EXERCISE PROMPT: Begin the copy at the line containing "KADAX Weihnachtsbaumständer aus" in the data below and end it at the line containing "Full view of", keeping each line exact and leaving out pictures.

SUPPLIED MATERIAL:
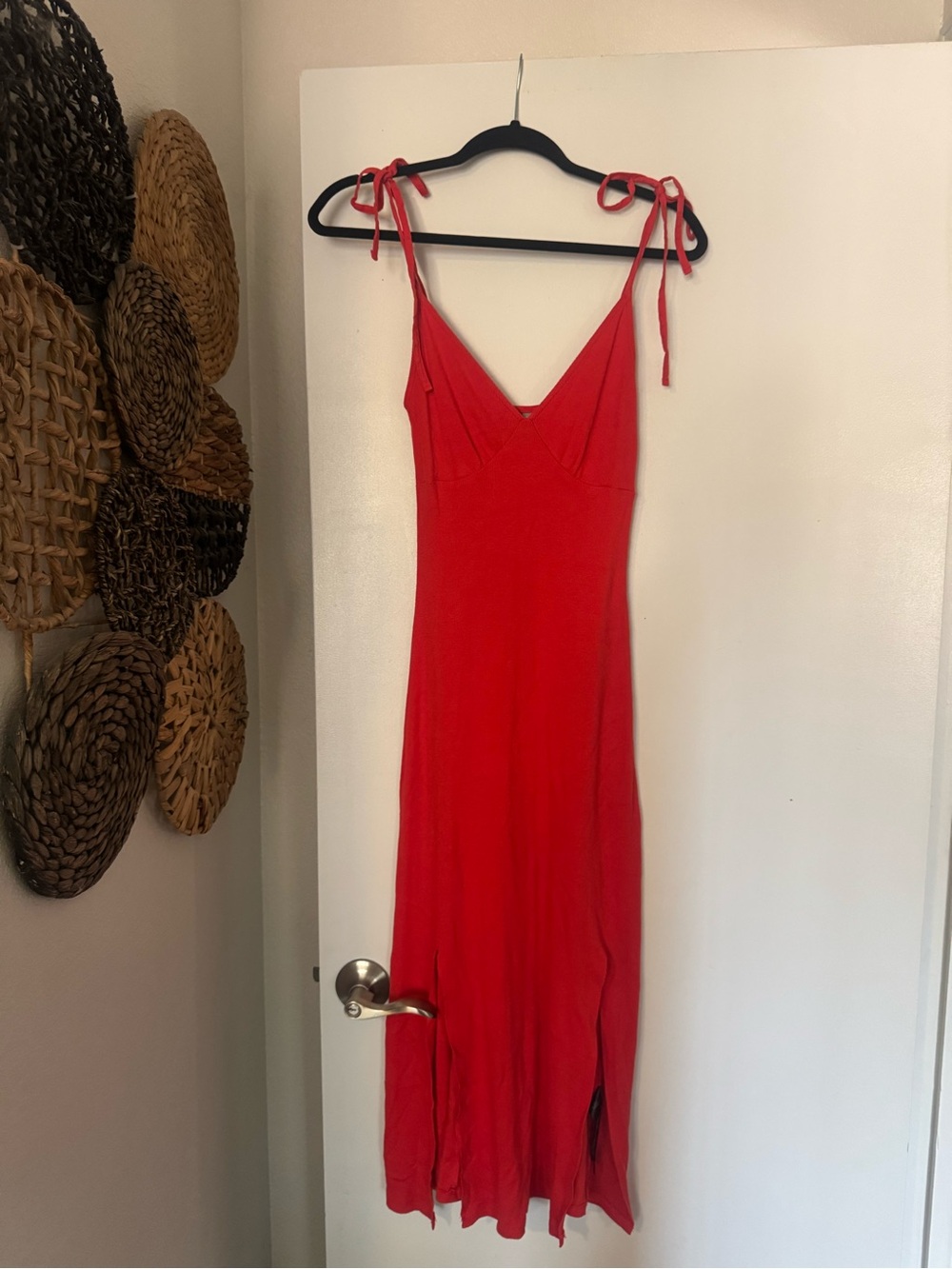 ASOS Red Tie-Shoulder Maxi Dress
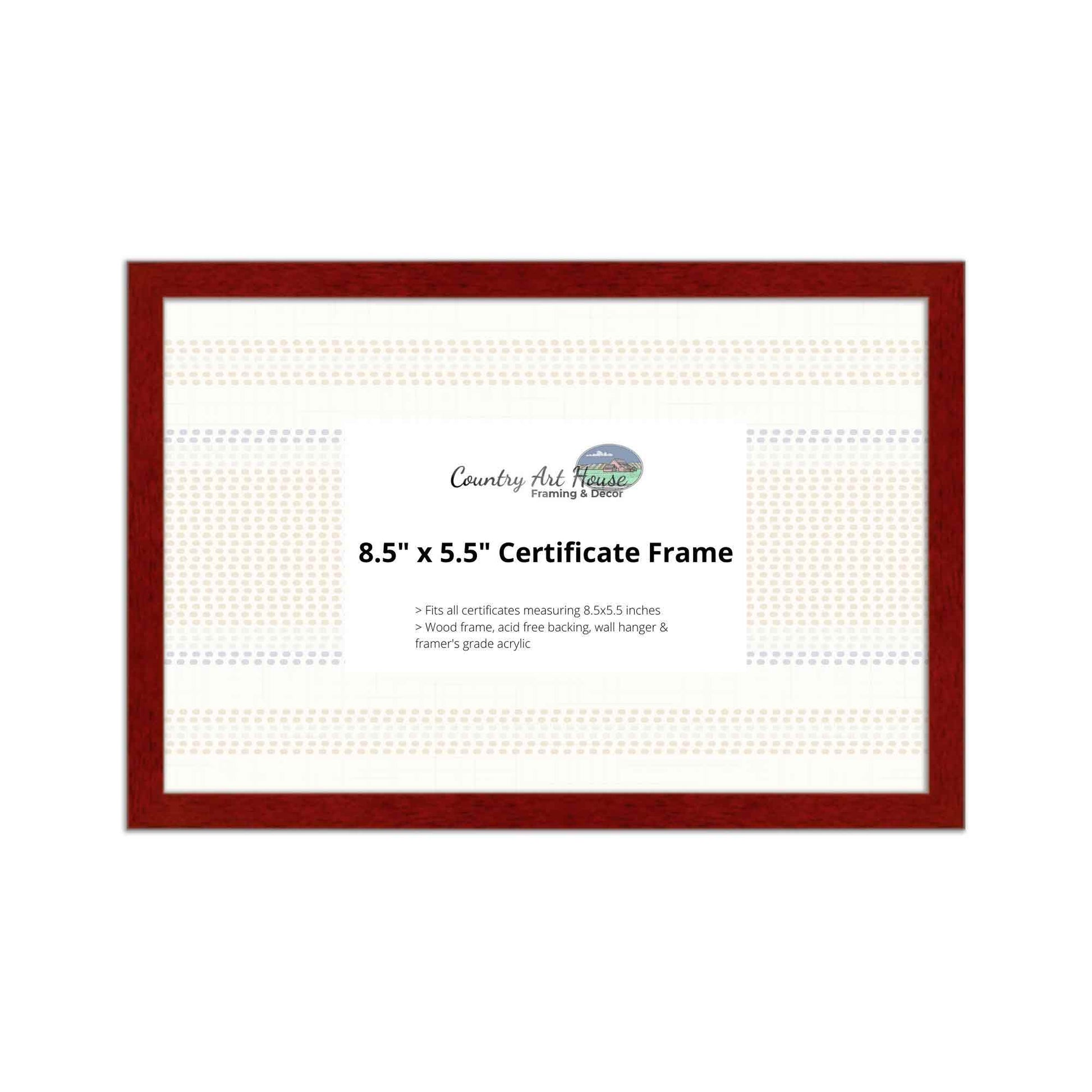 11" x 8.5" Certificate Frame - Wood Frame - Holds any document measuring 11" x 8.5" inches (Cherry) - CompTIA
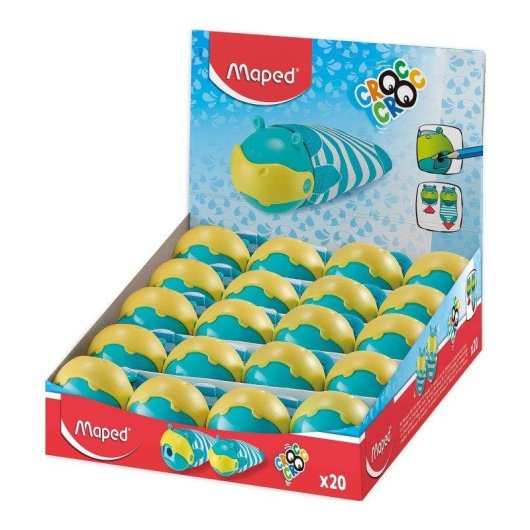 Sacapuntas Maped Croc Croc Hippo con Depósito de Tela Extensible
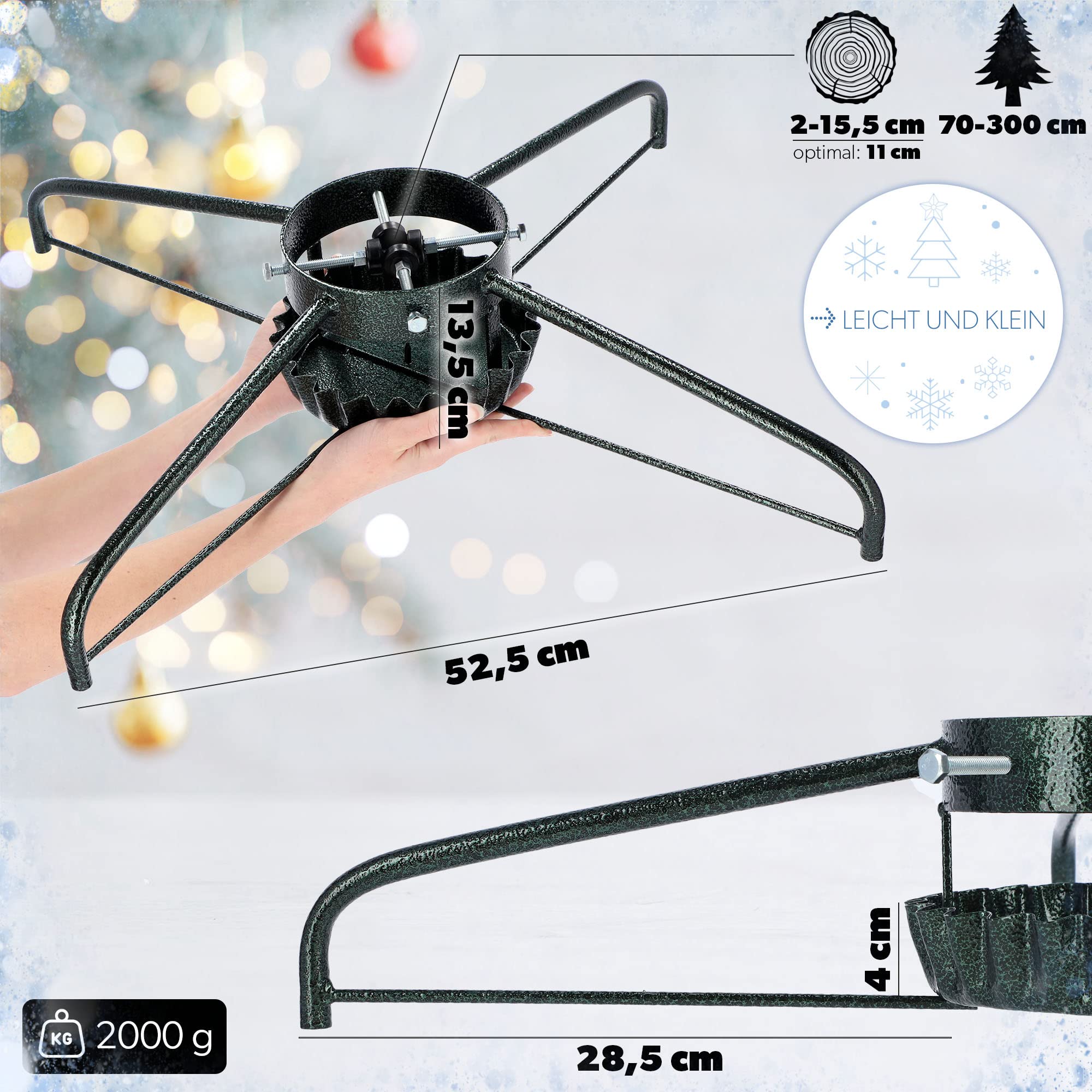 KADAX Weihnachtsbaumständer aus Stahl, Stabiler Christbaumständer mit Wasserschüssel, XXL Tannenbaumständer mit Schwingplatten System, Ständer für Baum, Verschiedene Großen (Breite: 73 cm, Grün)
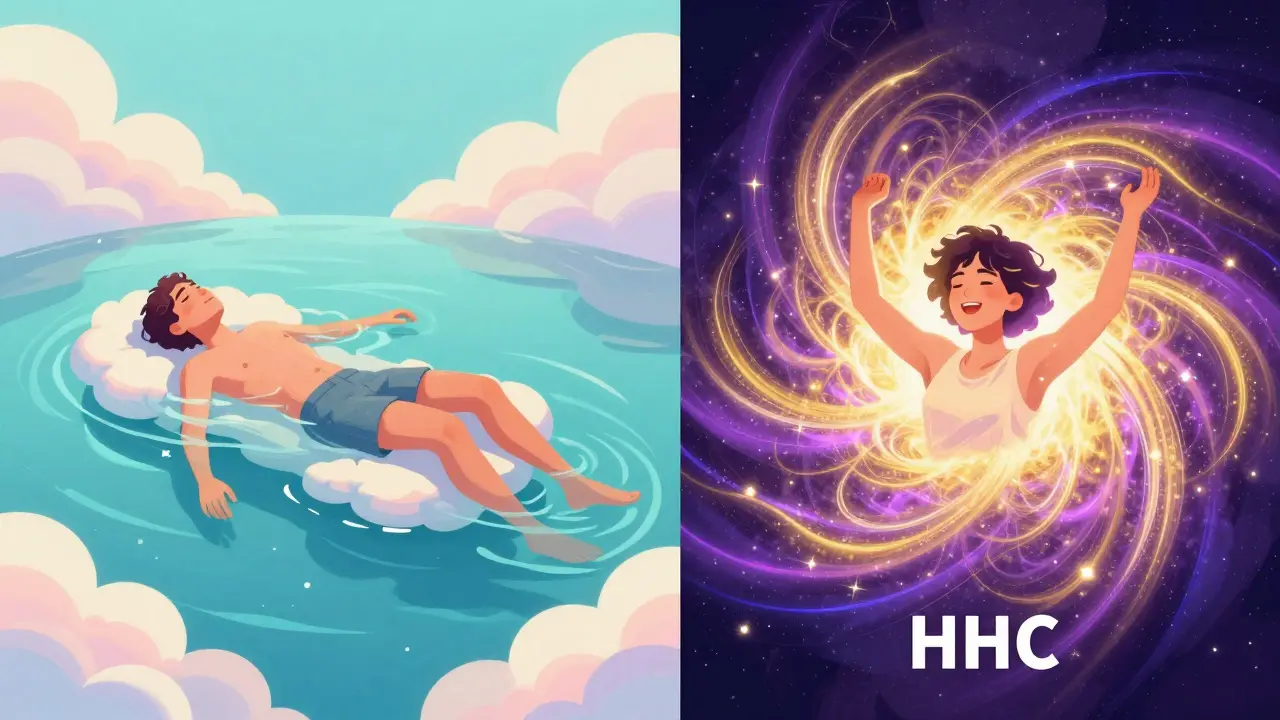 Konceptuální srovnání relaxace Delta 8 a euforie HHC.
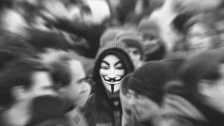 Čiernobiela spomienka na protesty Gorila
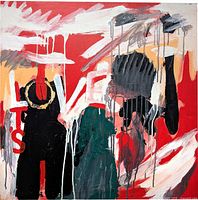 Full view of square abstract painting showing entire composition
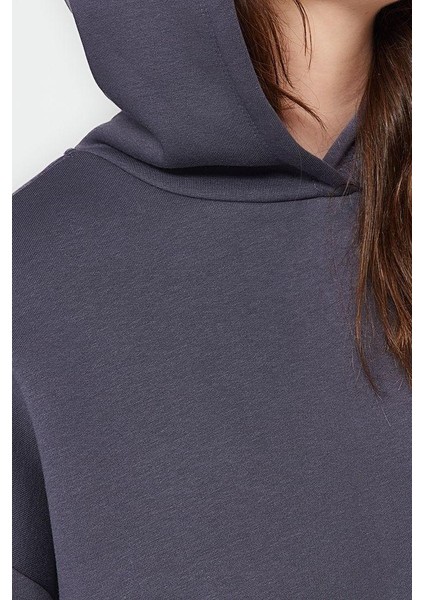 Büyük Beden Relaxed Kapüşonlu Düşük Kol Regular Slogan Detaylı Içi Polar Kalın Örme Sweatshirt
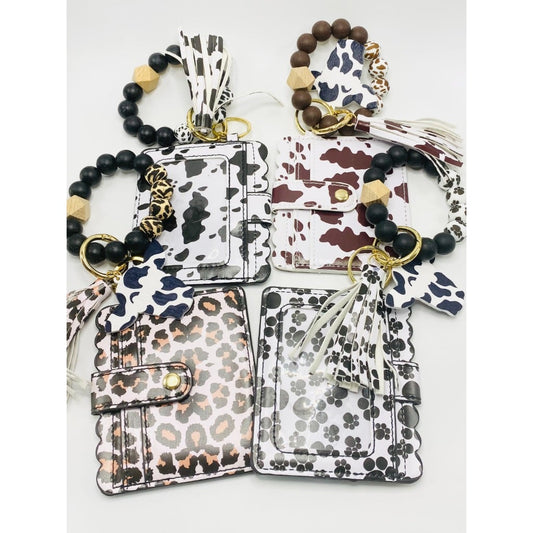 Card Holder Wallet with Silicone Beads & Tassel, RANDOM 10 or 50 pieces, Solid Colors & Animal Prints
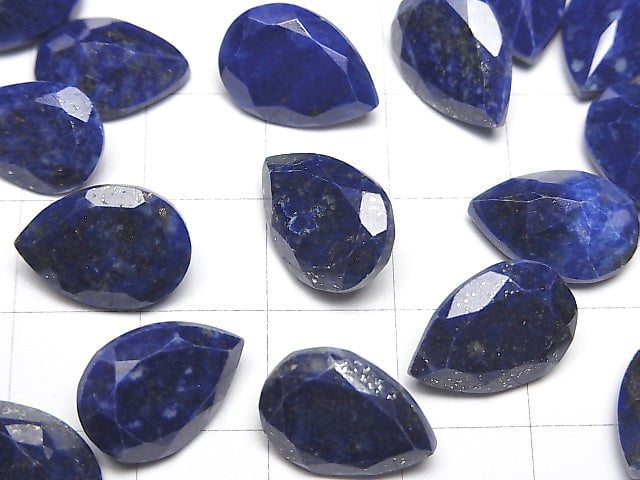 Lapislazuli AA++ Lose Steine Birnenform Facettiert 14x10mm 2Stk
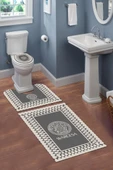 Yıkanabilir Kaymaz Dot Tabanlı Dekoratif Desenli 3'lü Klozet Takımı Banyo Paspas Seti GRİ #VALUE! - 1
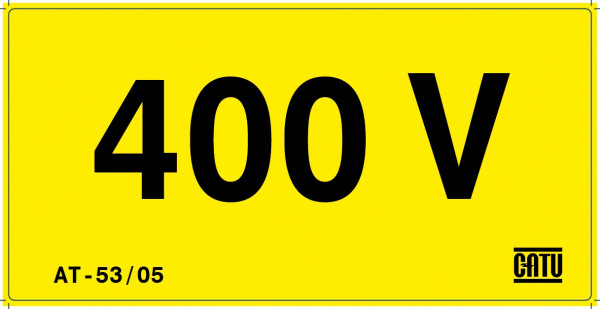Étiquette pvc autocollante d'identification "400 v" 50 x 25 mm. - Catu - AT5305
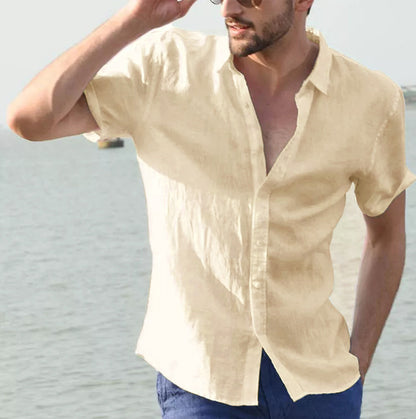 Summer Men's Solid Color Short Sleeve Casual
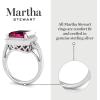 Martha Stewart 7 1/3 Carat Emerald Cut Gemstone Halo Ring with Lab Grown Diamonds in Sterling Silver, Choose Your Gemstone(Pink Sapphire)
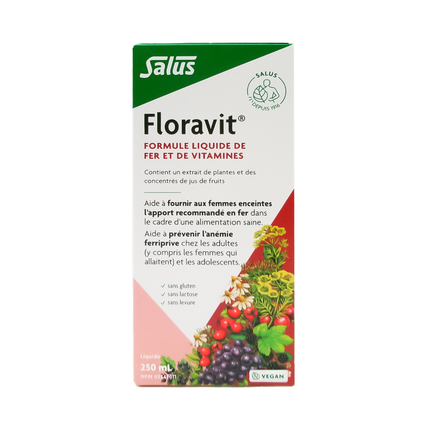 Salus - Floravit Formule de fer liquide sans levure et sans gluten avec vitamines | 250 mL
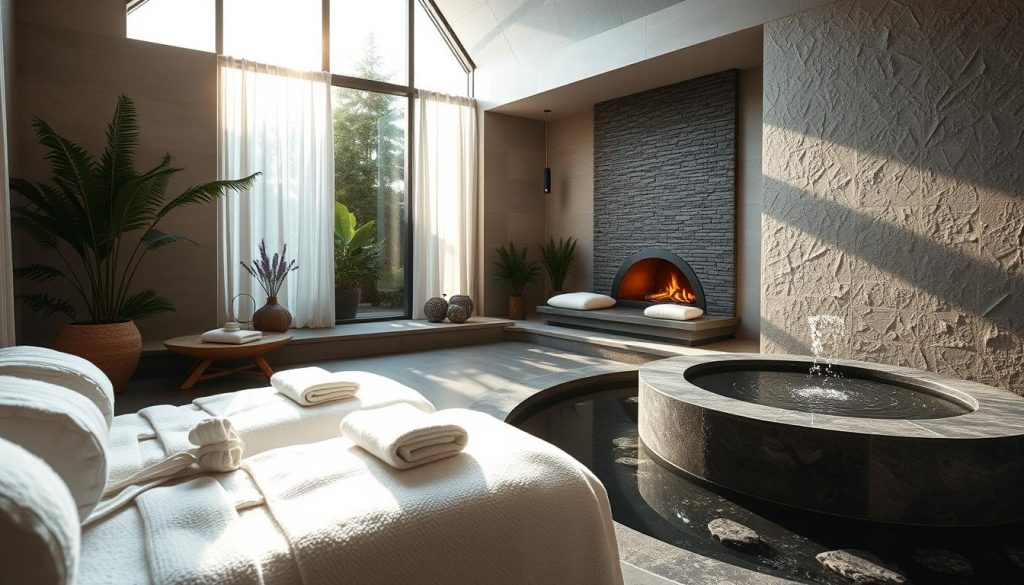 A luxurious spa retreat nestled in a serene oasis, with sunlight filtering through the large windows, casting a warm, soothing glow. Plush robes and soft towels invite guests to indulge in a tranquil experience. Calming scents of lavender and eucalyptus fill the air, creating a sense of relaxation. Elegant decor, featuring natural materials like stone and wood, blends seamlessly with the calming atmosphere. A cozy fireplace in the corner casts a gentle ambiance, while the sound of flowing water from a minimalist fountain adds to the serene ambiance. Soft, indirect lighting and a muted color palette evoke a sense of harmony and balance, perfect for a rejuvenating spa experience.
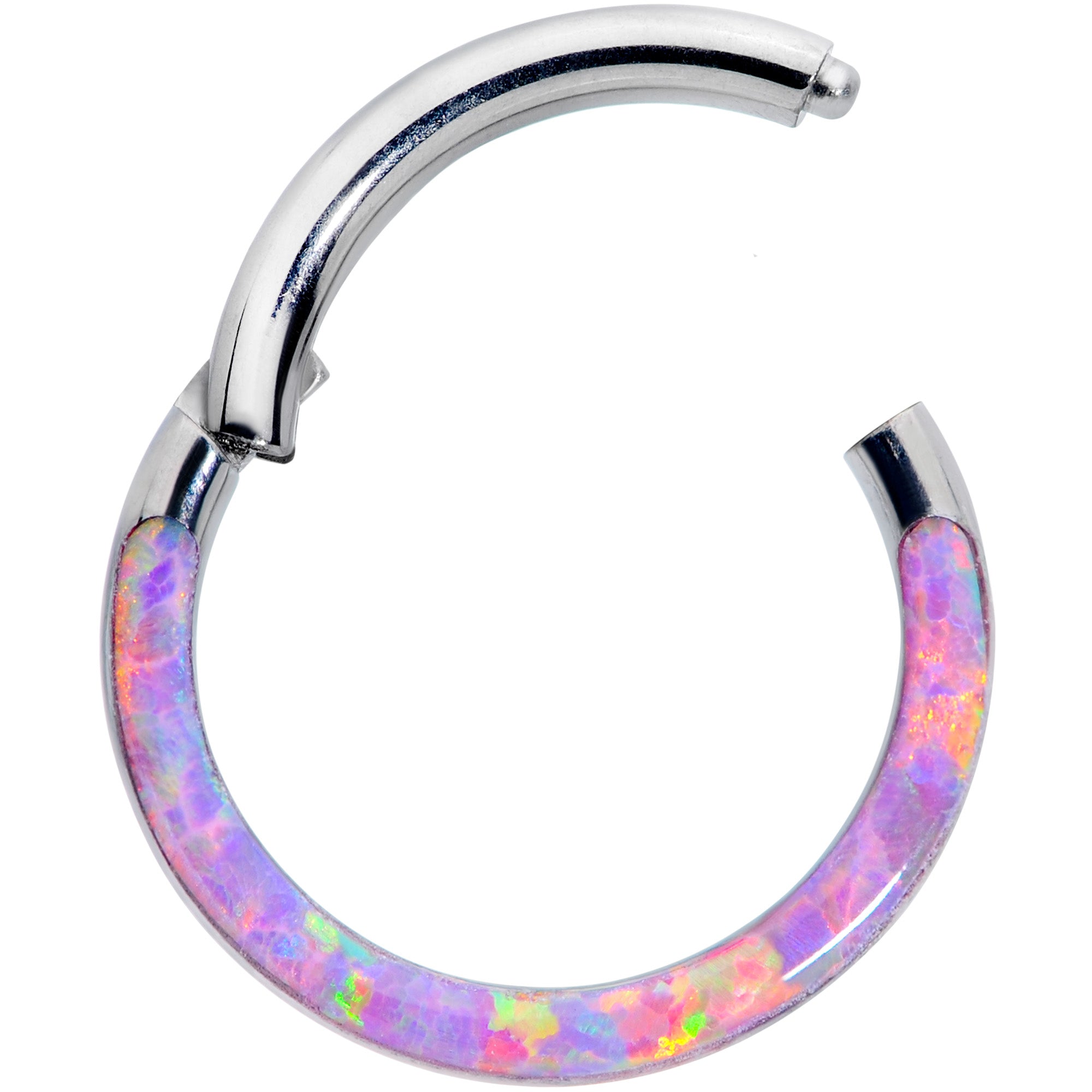 16 Gauge 5/16 Pink Synthetic Opal Implant Grade Titanium Segment Ring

REPLY:
 KADAX Weihnachtsbaumständer aus Stahl, Stabiler Christbaumständer mit Wasserschüssel, XXL Tannenbaumständer mit Schwingplatten System, Ständer für Baum, Verschiedene Großen (Breite: 73 cm, Grün)
 Konceptuální srovnání relaxace Delta 8 a euforie HHC.
 Čiernobiela spomienka na protesty Gorila
 Full view of square abstract painting showing entire composition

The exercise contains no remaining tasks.